In identifying potential problems, and alternative strategies that you will employ if those problems are encountered, be relatively brief. You mainly want to show an awareness of the problems that may arise, and of the alternative approaches that can be used if the problems do indeed occur.
Timelines: Briefly state the estimated time, in months, required for each Specific Aim.
Background and Prelimiary Results — approximately half the allotted pages
In an introductory paragraph or two give the bird's eye view, a brief overview of the field and why this area of research is important. What are the big questions? For example, "The major question in inherited neurodegenerative diseases is why a neuron born with a mutant gene takes years to decades to die." OR "With regard to genetic information, a major ethical and legal question concerns the extent to which an individual's right to privacy and confidentiality can be overridden by the rights of family members to be apprised of genetic information that could have direct consequences for their health."
Next, write the rest of the Background to provide the necessary excitement and information to make your Research Plan appear appropriate and brilliant. Thus, you should be conscious of why you are provid- ing each bit of background information. This is the reason for writing the Research Plan first. In your Background and your presen- tation of your preliminary results, you want to lead the reader up to your Research Plan so that they actually sense what you will be proposing before they have read the Plan.

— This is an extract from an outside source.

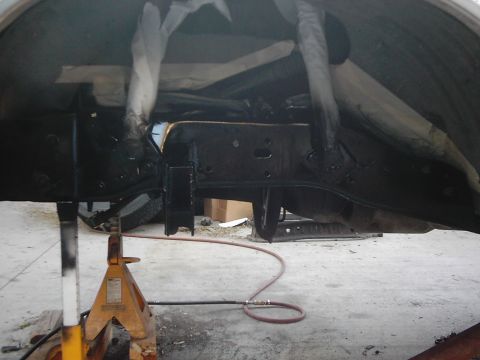1978 Ford Bronco - The vehicle's frame and suspension are visible while it's supported by jack stands.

Significance — a short paragraph at the end of the grant
This paragraph is obligatory and expected, but frankly, the significance of your research should be apparent right from the first sentences of your Summary of Research Proposal. This paragraph is a good place to bring out some additional implications of your work, and to sketch a brilliant future for the area of your research.
Number of Grants, External Reviewers
Do not apply for a grant until your track record will support it. For example, if you have one CIHR grant but haven't published any or many papers as an independent PI yet, don't apply for another CIHR grant until you have those papers.
In general, submitting two grants to one panel is a problem, unless you KNOW that they are both terrific, and unless you have a track record that has demonstrated that you can do the research for both. The panelists will be doubly unhappy to be reading two grants from one applicant if one (or both) is/are weak.
In choosing external reviewers, choose people known to be fair and respected, rather than your buddy. In general, don't e suggest new Pis as externals-they tend to have 'young faculty' syndrome, which makes them excessively critical.
Apply for an Appropriate Budget and Term
Justify your budget. If you can, link specific personnel to Specific Aims. Some committees spend much of their time looking at the budget and its justification.
Keep your budget reasonable. For example, it's generally acceptable to ask for:
one technician, or one research assistant
one or two graduate students, and
for lab-based research, $15,000 per person-year in supplies and general operating costs for each member of your research team who is at the bench.
If you are requesting funds for a post-doc or summer student, it is much more convincing if you have a specific individual in mind.
Apply for a three-year grant. Reviewers rarely give longer-term grants to new PIs.
Before submitting your grant, create a checklist of all the points on grant writing, and go through your application-as you write and review it-to be sure you have followed the above guidelines. Please note, however, that the authors of this Guidebook will want to claim some credit when you are funded, but will deny any responsibility if you are not!